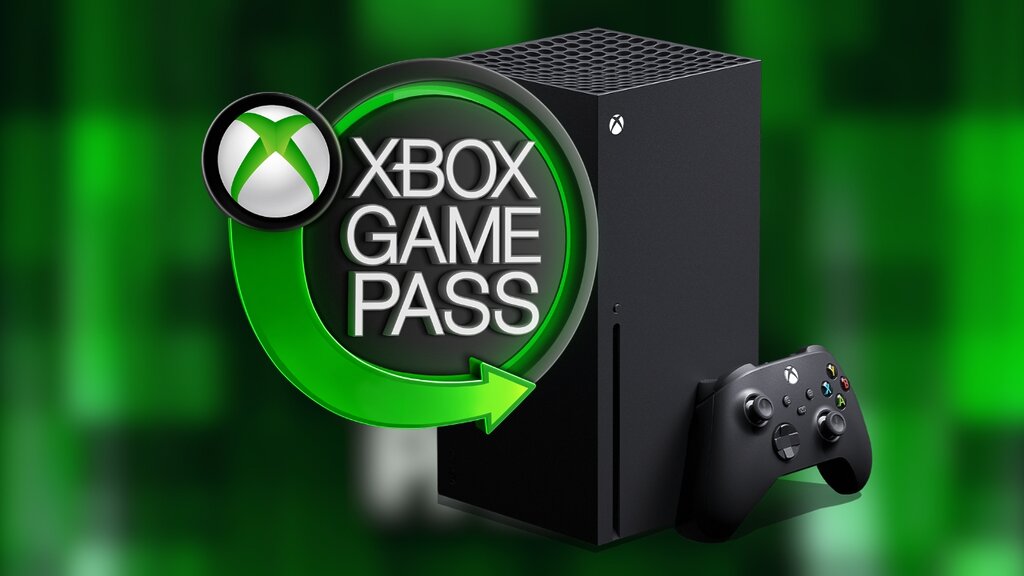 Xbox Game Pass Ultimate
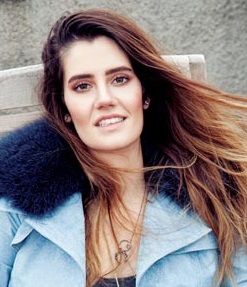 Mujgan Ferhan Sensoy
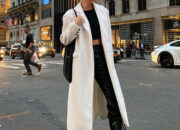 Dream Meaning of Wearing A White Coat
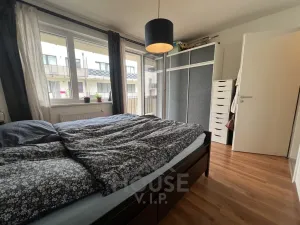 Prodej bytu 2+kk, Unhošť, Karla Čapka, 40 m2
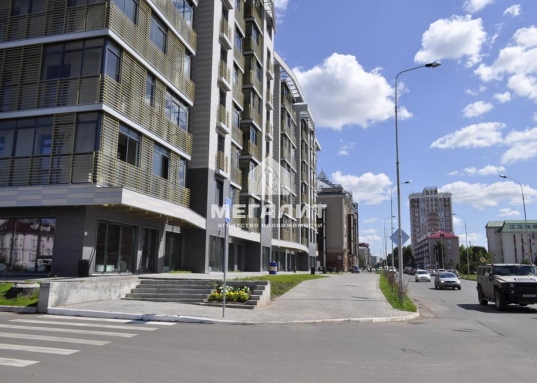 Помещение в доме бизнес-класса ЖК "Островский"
++++++++
Task to complete:
Please print the data above in its entirety, exactly, but without any picture.

Response box:
 Xbox Game Pass Ultimate
 Mujgan Ferhan Sensoy
 Dream Meaning of Wearing A White Coat
 Prodej bytu 2+kk, Unhošť, Karla Čapka, 40 m2
 Помещение в доме бизнес-класса ЖК "Островский"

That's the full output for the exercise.